As time goes on, Regina’s Royal United Services Institute is hopeful that people will continue remembering their veterans, but worries the reasons why may be lost.
That’s why the not-for-profit launched its pedestal project, installing two plaques — one detailing the history of Armistice Day and the other, the history of VE (Victory in Europe) Day — near the cenotaph in Victoria Park in time for Remembrance Day Wednesday.
“We’ve already lost all of our First World War veterans and it’s not going to be that many more years that we’ll start losing the last of the Second World War and the Korean war veterans,” Maj. (Ret’d) Brad Hrycyna, president of the Royal United Services Institute board, told Global News. “Their story and their memory needs to be kept alive.”
The pedestals, made of granite, are designed to endure the test of time, Hrycyna said and will tell the stories related to some of the battles in which the Canadian military has engaged since Confederation.
Founded in 1919 by 80 military members who returned home to Regina after fighting in the First World War, the Royal United Services Institute has channelled its efforts into commemoration initiatives in recent years.
Notably, the group has established a Saskatchewan Wall of Honour in the provincial legislative building, focusing on the 15 recipients of the country’s highest award for valour, the Victoria Cross, who have ties to Saskatchewan.
There, each officer is honoured in an individual shadow box containing their picture, accompanied by a write-up of their contribution and replicas of their medals.
Additionally, the group has been visiting places across the province that were significant to the recipients and holding small ceremonies for them.
The Royal United Services Institute started its pedestal project by marking the ends of the First and Second World Wars.
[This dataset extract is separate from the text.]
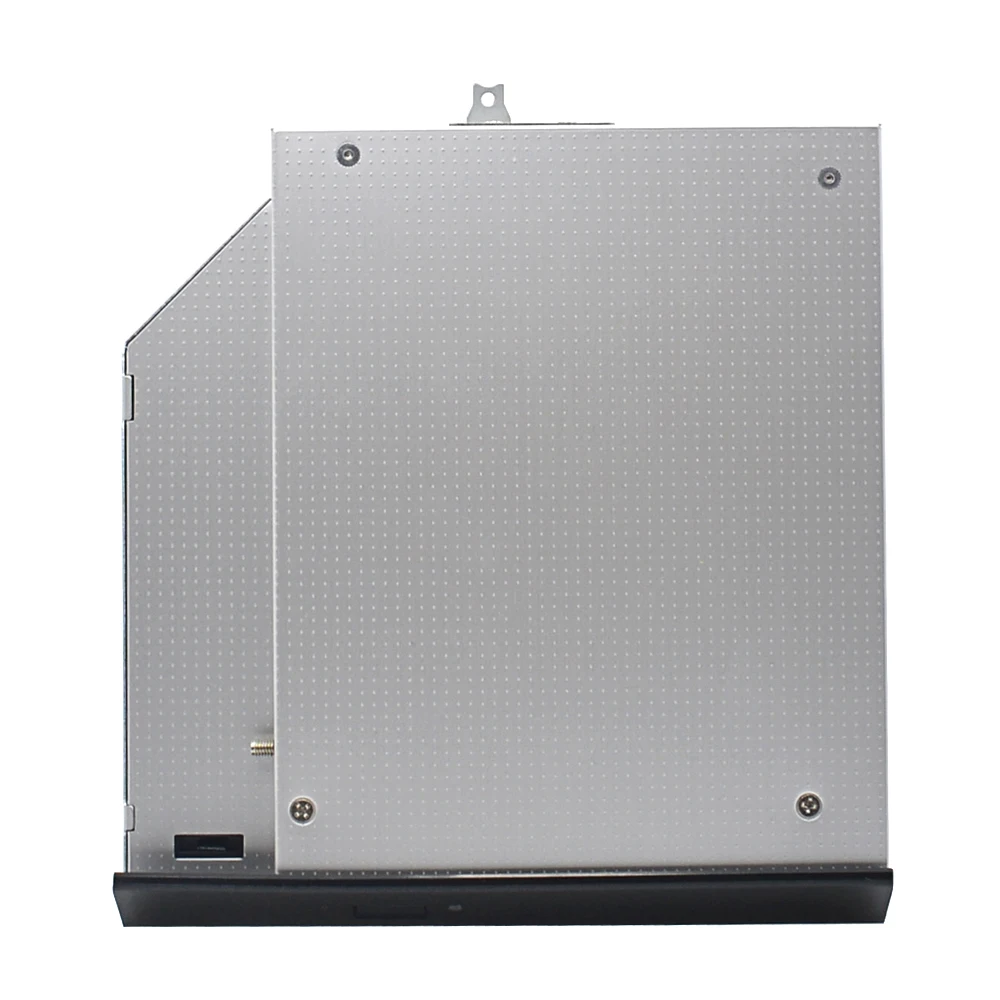  For Lenovo ThinkPad L430 L420 L412 Aluminum Optibay 2nd HDD Caddy 12.7mm SATA 3.0 2.5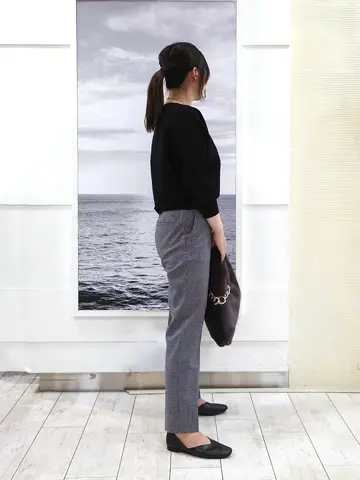 自由区 沼木 コーディネート画像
As the plaques explain, Armistice Day, Nov. 11, 1918, is when the fighting of the First World War ended in Europe. VE Day, May 8, 1945, is recognized as when the hostilities of the Second World War were over on that continent.
The flower beds to the southwest and southeast of the cenotaph have room for 10 more plaques.
While the Royal United Services Institute has other ideas related to the country’s military history, it doesn’t have the money right now to move forward.
Each one costs more than $3,600.
The group is fundraising to finish the remaining 10.